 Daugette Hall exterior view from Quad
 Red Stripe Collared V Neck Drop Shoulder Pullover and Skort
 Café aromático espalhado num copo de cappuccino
--
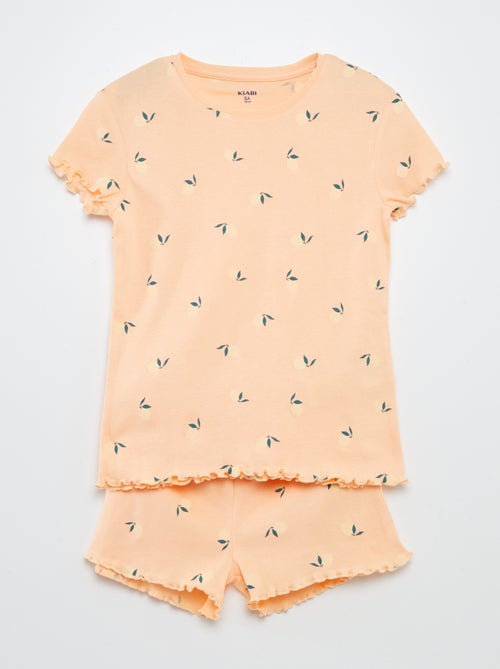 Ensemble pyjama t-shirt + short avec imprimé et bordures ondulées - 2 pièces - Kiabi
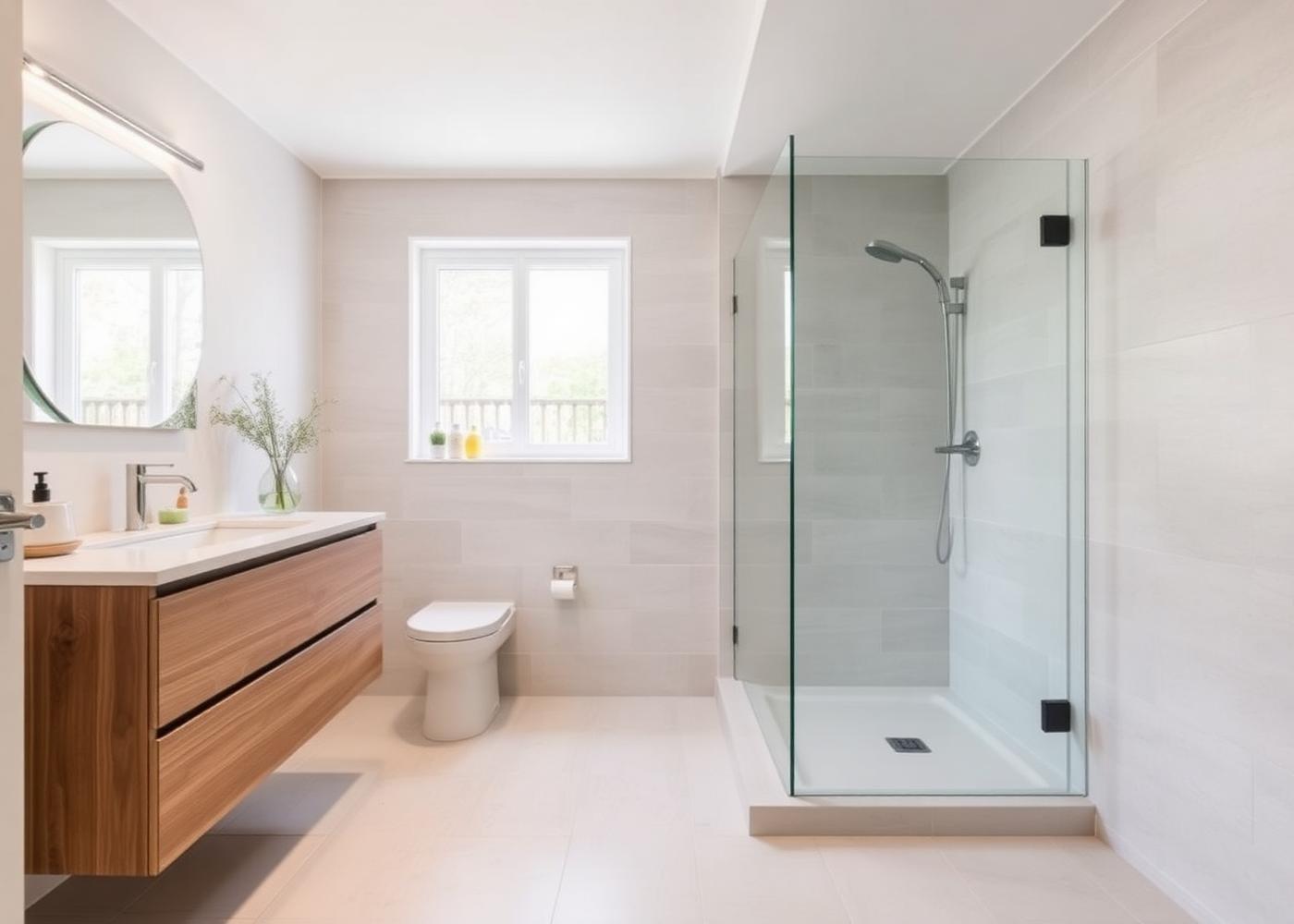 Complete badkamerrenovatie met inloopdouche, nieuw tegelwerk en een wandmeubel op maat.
==
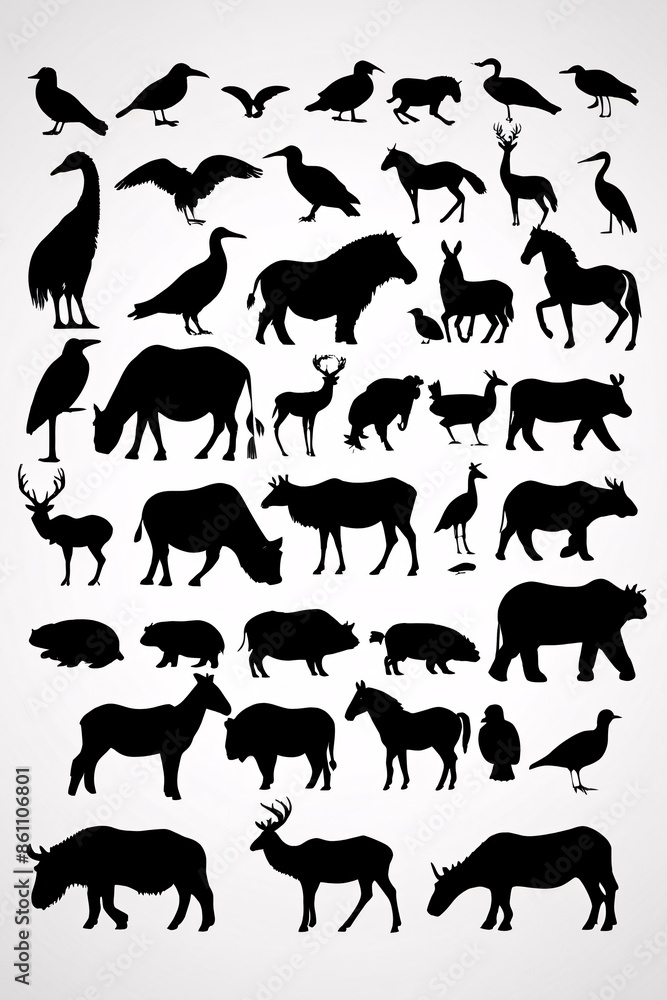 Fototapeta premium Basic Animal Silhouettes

Your objective:
Begin with the line that has "Daugette Hall exterior view from Quad" in the listing above and end after the line that has "Café aromático espalhado"; output those lines exactly.

Answer section:
 Daugette Hall exterior view from Quad
 Red Stripe Collared V Neck Drop Shoulder Pullover and Skort
 Café aromático espalhado num copo de cappuccino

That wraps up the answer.